▶ _What the task asks_
Among the lines below, output only those between the line holding "pet proof couch covers" and the line holding "Littoral rainforest", inclusive, exactly as written and with no pictures.

▶ _Entries provided_
________________________

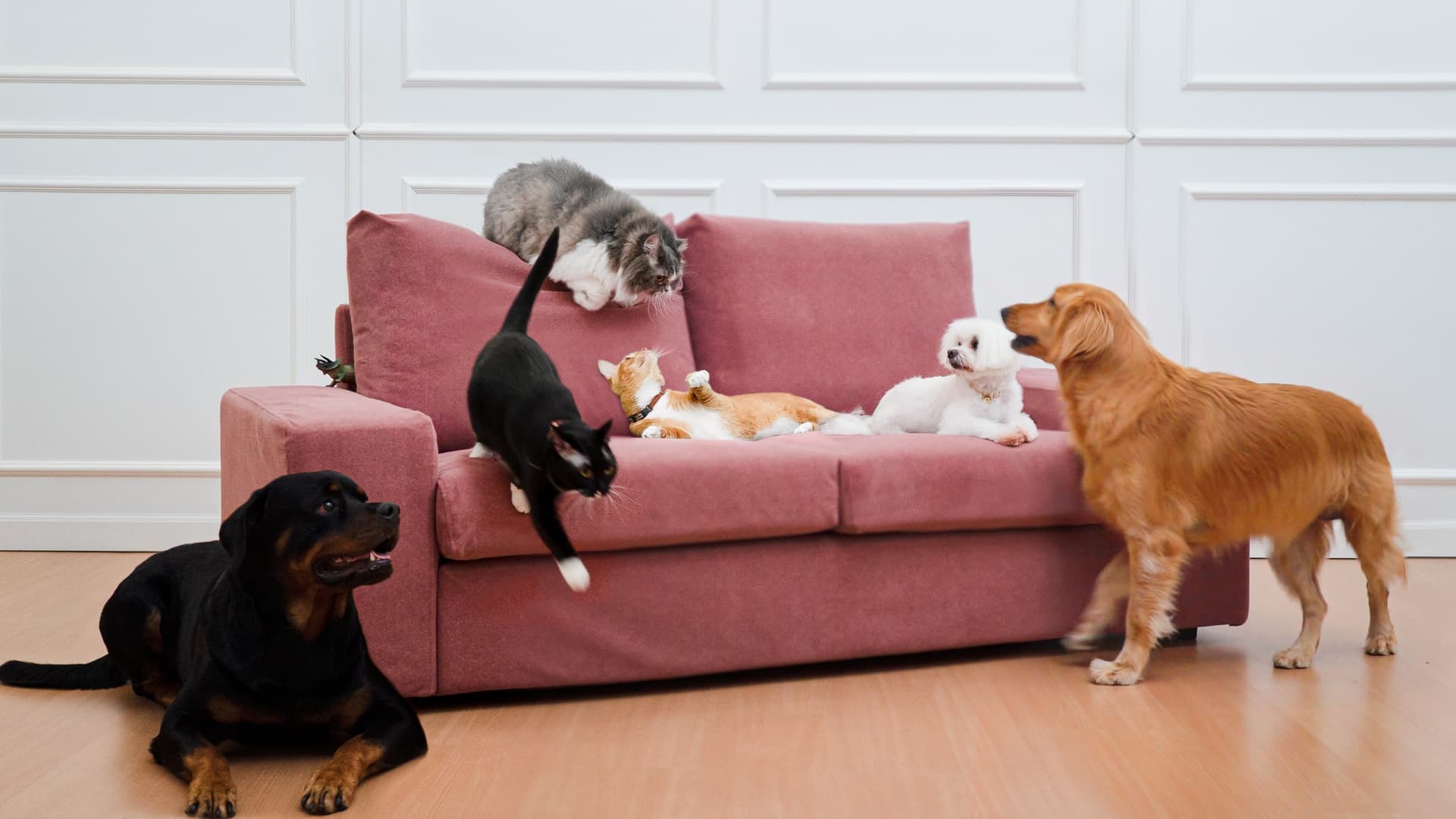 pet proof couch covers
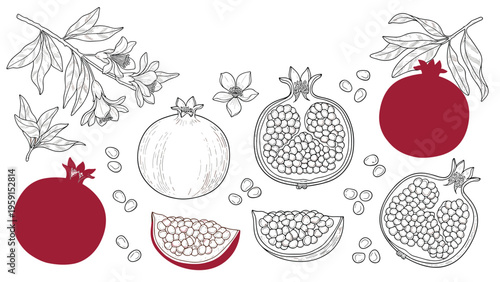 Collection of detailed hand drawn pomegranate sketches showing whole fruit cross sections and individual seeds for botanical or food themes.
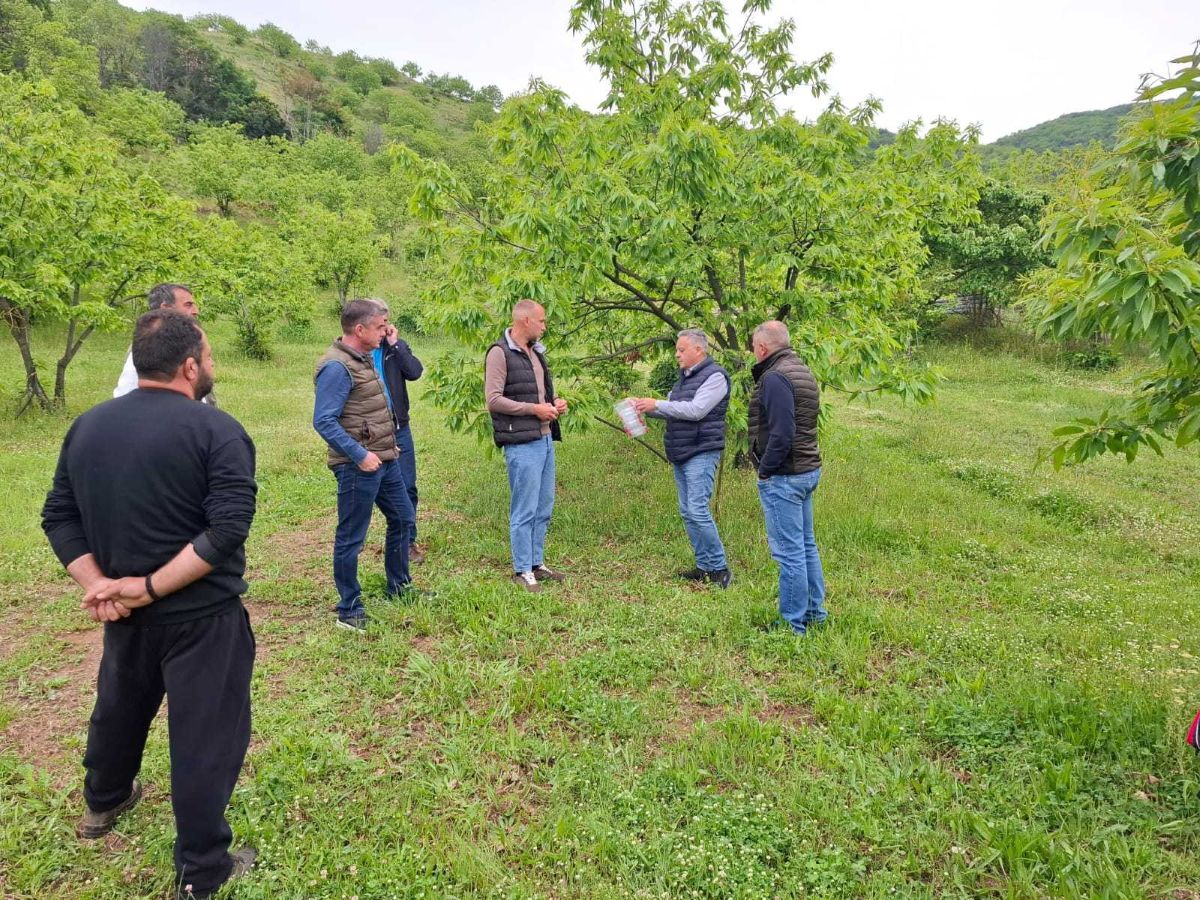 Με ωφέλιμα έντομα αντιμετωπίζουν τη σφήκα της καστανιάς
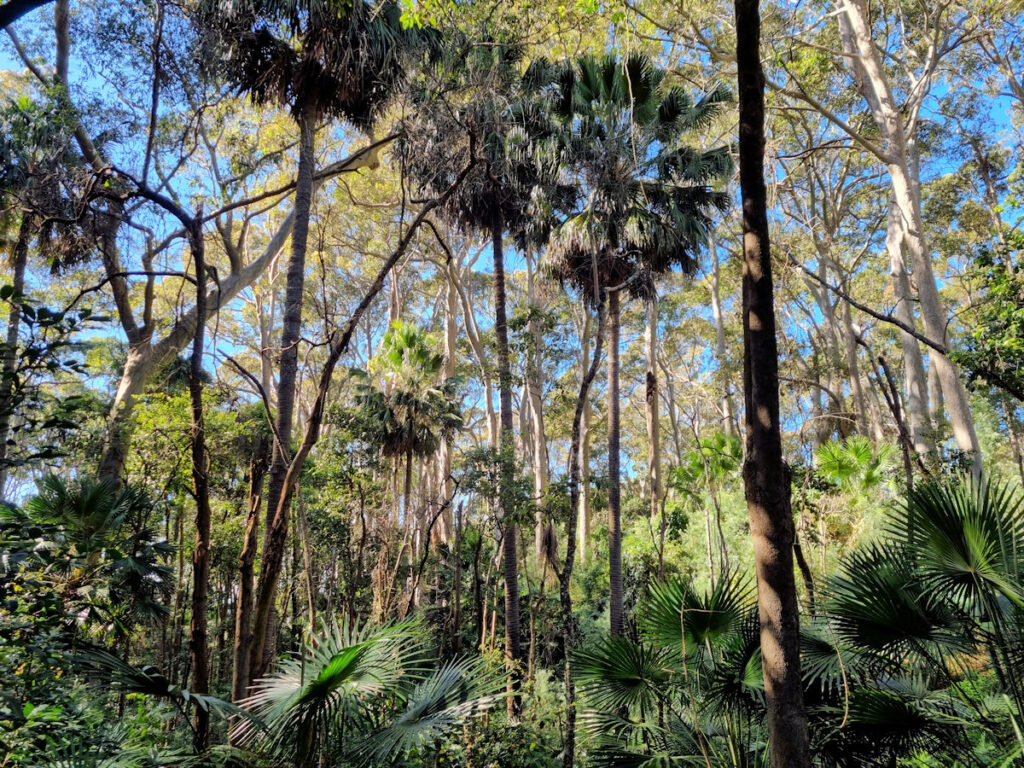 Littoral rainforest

________________________

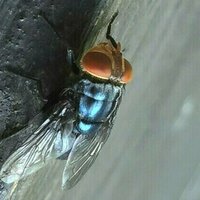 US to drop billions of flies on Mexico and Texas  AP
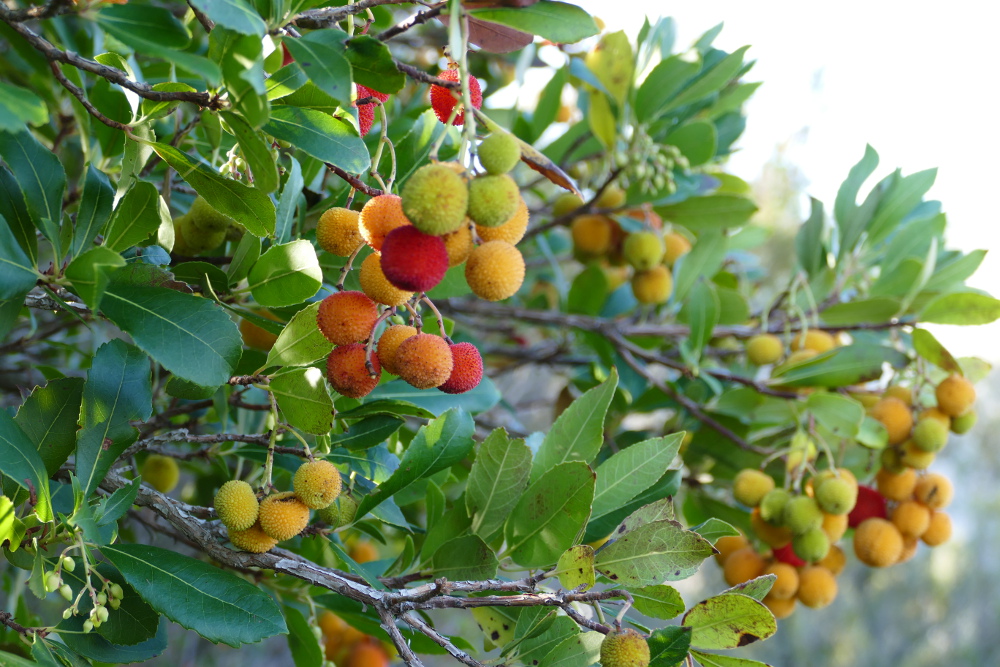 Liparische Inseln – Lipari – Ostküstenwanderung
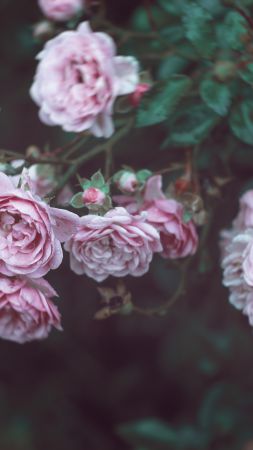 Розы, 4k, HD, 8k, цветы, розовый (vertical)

________________________

▶ _Solution to the problem_
 pet proof couch covers
 Collection of detailed hand drawn pomegranate sketches showing whole fruit cross sections and individual seeds for botanical or food themes.
 Με ωφέλιμα έντομα αντιμετωπίζουν τη σφήκα της καστανιάς
 Littoral rainforest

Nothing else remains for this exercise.